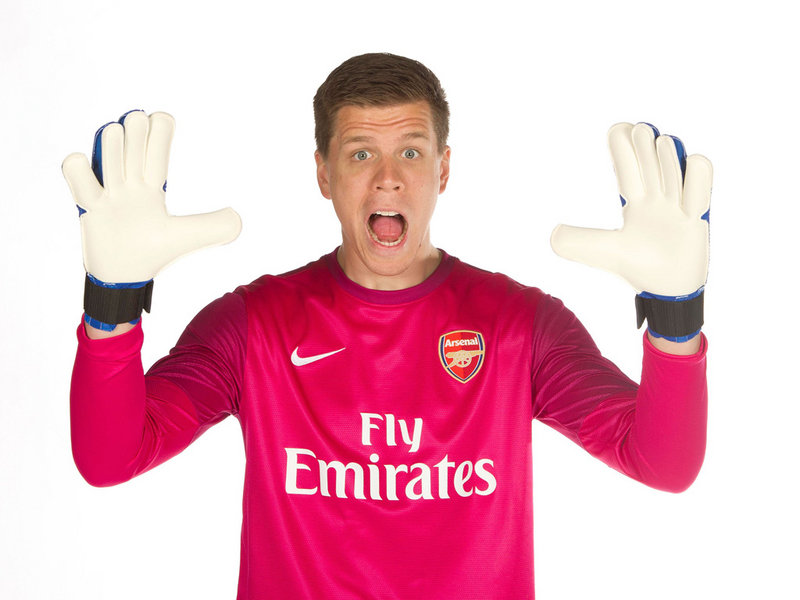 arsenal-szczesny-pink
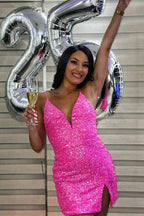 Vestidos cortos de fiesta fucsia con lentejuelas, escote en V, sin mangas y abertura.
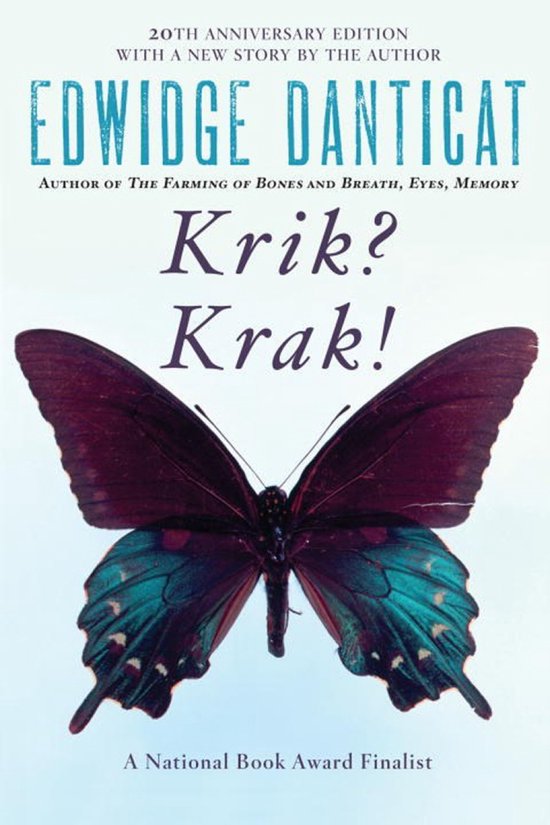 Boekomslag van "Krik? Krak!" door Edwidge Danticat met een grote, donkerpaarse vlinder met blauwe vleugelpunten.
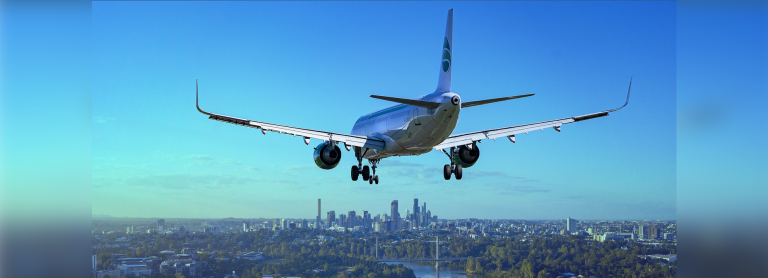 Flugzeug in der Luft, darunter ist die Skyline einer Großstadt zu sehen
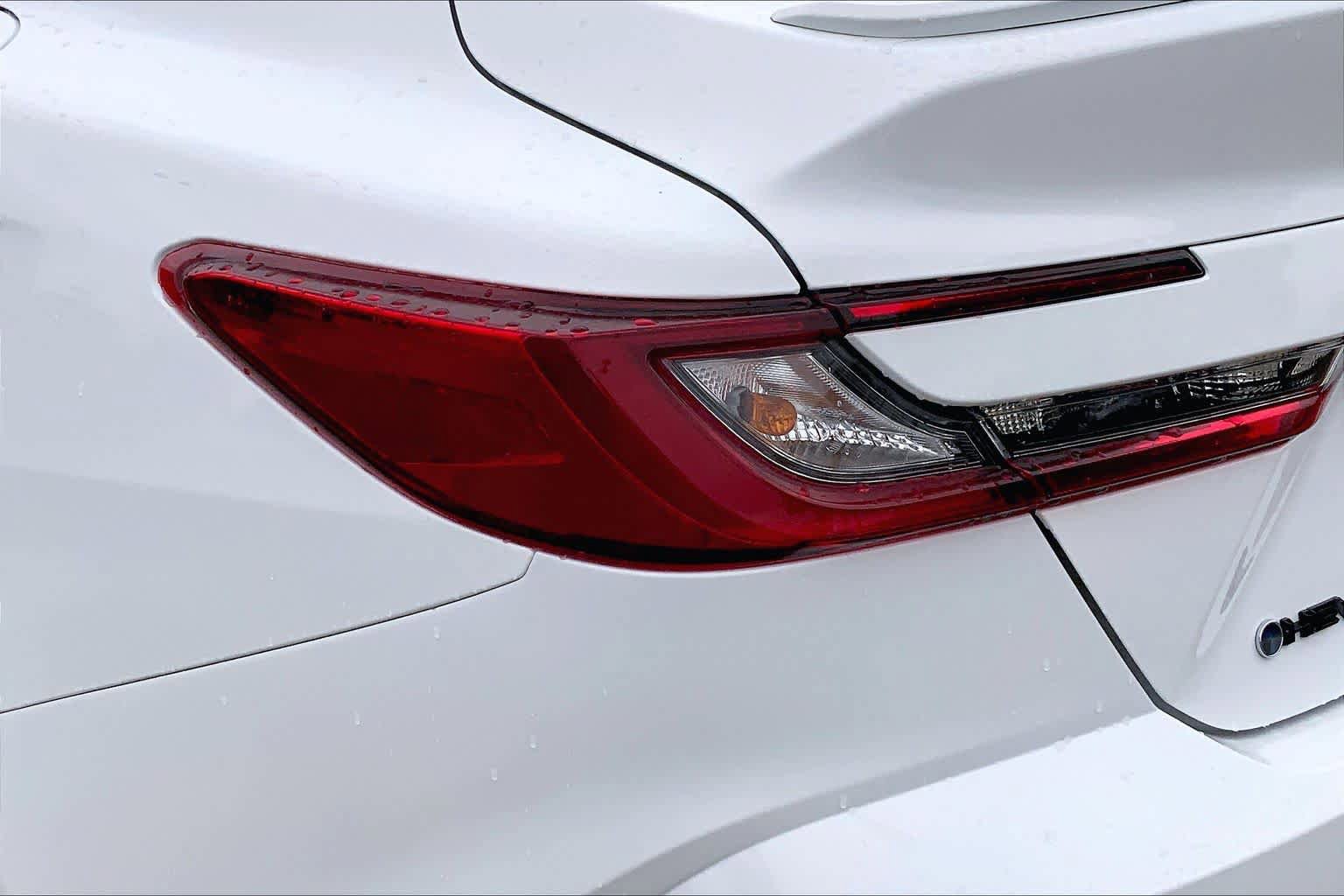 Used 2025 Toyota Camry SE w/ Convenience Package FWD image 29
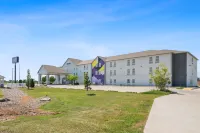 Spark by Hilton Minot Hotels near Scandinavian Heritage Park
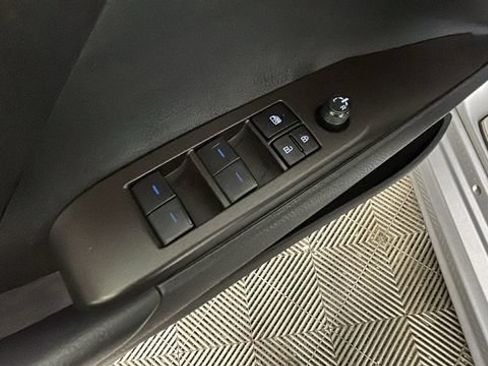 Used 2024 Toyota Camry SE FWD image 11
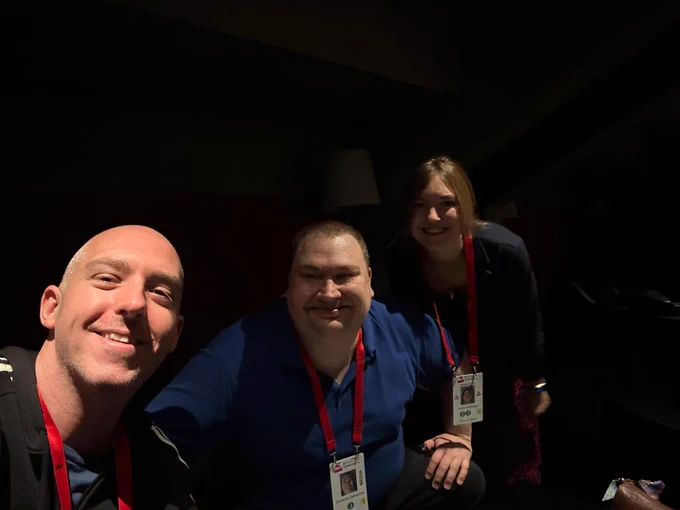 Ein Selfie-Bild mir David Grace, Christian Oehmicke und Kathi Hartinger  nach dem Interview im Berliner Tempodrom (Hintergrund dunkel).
--
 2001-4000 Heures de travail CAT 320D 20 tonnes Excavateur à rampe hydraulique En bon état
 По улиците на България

EXERCISE:
Please repeat, exactly as written, the lines in the records above, starting with the one that has "arsenal-szczesny-pink" and going on through the one that has "Ein Selfie-Bild mir". Pictures are to be left out.

REPLY:
 arsenal-szczesny-pink
 Vestidos cortos de fiesta fucsia con lentejuelas, escote en V, sin mangas y abertura.
 Boekomslag van "Krik? Krak!" door Edwidge Danticat met een grote, donkerpaarse vlinder met blauwe vleugelpunten.
 Flugzeug in der Luft, darunter ist die Skyline einer Großstadt zu sehen
 Used 2025 Toyota Camry SE w/ Convenience Package FWD image 29
 Spark by Hilton Minot Hotels near Scandinavian Heritage Park
 Used 2024 Toyota Camry SE FWD image 11
 Ein Selfie-Bild mir David Grace, Christian Oehmicke und Kathi Hartinger  nach dem Interview im Berliner Tempodrom (Hintergrund dunkel).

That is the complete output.